# DIRECTIONS
The lines wanted run from the first one below through the one with "Akasztókonzolos fémrácsos gyűjtőkosár, fekete". Return them exactly.

# EXCERPTED RECORDS
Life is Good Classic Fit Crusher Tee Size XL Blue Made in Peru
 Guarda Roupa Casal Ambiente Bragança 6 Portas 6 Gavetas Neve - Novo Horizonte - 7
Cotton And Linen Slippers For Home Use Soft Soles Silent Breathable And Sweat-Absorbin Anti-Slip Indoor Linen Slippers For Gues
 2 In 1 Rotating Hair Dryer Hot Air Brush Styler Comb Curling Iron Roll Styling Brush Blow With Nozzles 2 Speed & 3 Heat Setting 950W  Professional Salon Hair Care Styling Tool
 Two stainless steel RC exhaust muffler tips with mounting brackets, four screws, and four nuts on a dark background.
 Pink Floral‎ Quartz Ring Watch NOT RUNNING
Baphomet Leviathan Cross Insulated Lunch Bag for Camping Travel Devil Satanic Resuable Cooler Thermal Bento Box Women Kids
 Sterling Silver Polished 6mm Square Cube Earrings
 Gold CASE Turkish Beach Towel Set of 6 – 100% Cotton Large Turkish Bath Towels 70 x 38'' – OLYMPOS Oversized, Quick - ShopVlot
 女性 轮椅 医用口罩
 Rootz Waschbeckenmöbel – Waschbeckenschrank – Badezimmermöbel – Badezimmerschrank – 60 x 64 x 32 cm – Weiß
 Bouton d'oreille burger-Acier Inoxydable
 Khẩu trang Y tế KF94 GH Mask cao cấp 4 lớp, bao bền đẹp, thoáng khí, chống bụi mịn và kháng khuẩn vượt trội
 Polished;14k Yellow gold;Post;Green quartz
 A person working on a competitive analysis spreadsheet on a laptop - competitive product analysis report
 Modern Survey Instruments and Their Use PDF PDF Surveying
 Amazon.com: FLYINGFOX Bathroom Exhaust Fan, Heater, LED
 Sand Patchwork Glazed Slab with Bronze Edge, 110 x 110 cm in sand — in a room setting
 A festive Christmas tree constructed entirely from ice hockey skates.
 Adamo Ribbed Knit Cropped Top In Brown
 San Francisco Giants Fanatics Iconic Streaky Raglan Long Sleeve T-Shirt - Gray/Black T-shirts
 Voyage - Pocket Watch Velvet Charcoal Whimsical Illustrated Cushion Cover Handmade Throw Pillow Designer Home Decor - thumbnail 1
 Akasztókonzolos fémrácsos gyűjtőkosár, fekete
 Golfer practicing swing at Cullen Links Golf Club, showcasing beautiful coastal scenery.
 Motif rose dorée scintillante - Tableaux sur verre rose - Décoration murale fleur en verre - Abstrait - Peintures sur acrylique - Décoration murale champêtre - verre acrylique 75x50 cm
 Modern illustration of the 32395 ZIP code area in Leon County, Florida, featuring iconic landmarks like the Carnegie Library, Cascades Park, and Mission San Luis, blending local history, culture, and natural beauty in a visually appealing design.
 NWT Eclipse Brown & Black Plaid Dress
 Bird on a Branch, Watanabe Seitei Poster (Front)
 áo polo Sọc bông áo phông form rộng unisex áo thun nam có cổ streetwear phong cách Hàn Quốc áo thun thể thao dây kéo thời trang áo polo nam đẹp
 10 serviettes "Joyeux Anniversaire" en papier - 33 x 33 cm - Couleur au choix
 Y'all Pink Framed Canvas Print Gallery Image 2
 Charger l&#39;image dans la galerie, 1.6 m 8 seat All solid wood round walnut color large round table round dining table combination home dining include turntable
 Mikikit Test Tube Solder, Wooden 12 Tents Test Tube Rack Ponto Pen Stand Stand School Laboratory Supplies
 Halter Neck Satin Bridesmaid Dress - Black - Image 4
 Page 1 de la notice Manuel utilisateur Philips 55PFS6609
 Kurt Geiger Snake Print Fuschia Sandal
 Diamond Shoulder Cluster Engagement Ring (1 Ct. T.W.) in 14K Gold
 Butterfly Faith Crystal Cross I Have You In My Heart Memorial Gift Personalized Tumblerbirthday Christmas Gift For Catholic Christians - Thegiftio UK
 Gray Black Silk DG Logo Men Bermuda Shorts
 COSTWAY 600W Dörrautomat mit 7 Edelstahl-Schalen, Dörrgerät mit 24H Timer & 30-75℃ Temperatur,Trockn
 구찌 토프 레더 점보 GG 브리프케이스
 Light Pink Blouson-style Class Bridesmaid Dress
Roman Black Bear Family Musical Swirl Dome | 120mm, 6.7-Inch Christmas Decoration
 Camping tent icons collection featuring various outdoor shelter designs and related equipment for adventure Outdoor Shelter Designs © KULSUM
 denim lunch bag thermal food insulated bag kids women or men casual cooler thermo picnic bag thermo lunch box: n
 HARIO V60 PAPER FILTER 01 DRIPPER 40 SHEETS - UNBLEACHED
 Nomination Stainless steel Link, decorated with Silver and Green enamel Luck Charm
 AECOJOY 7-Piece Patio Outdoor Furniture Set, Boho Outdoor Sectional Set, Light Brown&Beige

# WRITTEN ANSWER
Life is Good Classic Fit Crusher Tee Size XL Blue Made in Peru
 Guarda Roupa Casal Ambiente Bragança 6 Portas 6 Gavetas Neve - Novo Horizonte - 7
Cotton And Linen Slippers For Home Use Soft Soles Silent Breathable And Sweat-Absorbin Anti-Slip Indoor Linen Slippers For Gues
 2 In 1 Rotating Hair Dryer Hot Air Brush Styler Comb Curling Iron Roll Styling Brush Blow With Nozzles 2 Speed & 3 Heat Setting 950W  Professional Salon Hair Care Styling Tool
 Two stainless steel RC exhaust muffler tips with mounting brackets, four screws, and four nuts on a dark background.
 Pink Floral‎ Quartz Ring Watch NOT RUNNING
Baphomet Leviathan Cross Insulated Lunch Bag for Camping Travel Devil Satanic Resuable Cooler Thermal Bento Box Women Kids
 Sterling Silver Polished 6mm Square Cube Earrings
 Gold CASE Turkish Beach Towel Set of 6 – 100% Cotton Large Turkish Bath Towels 70 x 38'' – OLYMPOS Oversized, Quick - ShopVlot
 女性 轮椅 医用口罩
 Rootz Waschbeckenmöbel – Waschbeckenschrank – Badezimmermöbel – Badezimmerschrank – 60 x 64 x 32 cm – Weiß
 Bouton d'oreille burger-Acier Inoxydable
 Khẩu trang Y tế KF94 GH Mask cao cấp 4 lớp, bao bền đẹp, thoáng khí, chống bụi mịn và kháng khuẩn vượt trội
 Polished;14k Yellow gold;Post;Green quartz
 A person working on a competitive analysis spreadsheet on a laptop - competitive product analysis report
 Modern Survey Instruments and Their Use PDF PDF Surveying
 Amazon.com: FLYINGFOX Bathroom Exhaust Fan, Heater, LED
 Sand Patchwork Glazed Slab with Bronze Edge, 110 x 110 cm in sand — in a room setting
 A festive Christmas tree constructed entirely from ice hockey skates.
 Adamo Ribbed Knit Cropped Top In Brown
 San Francisco Giants Fanatics Iconic Streaky Raglan Long Sleeve T-Shirt - Gray/Black T-shirts
 Voyage - Pocket Watch Velvet Charcoal Whimsical Illustrated Cushion Cover Handmade Throw Pillow Designer Home Decor - thumbnail 1
 Akasztókonzolos fémrácsos gyűjtőkosár, fekete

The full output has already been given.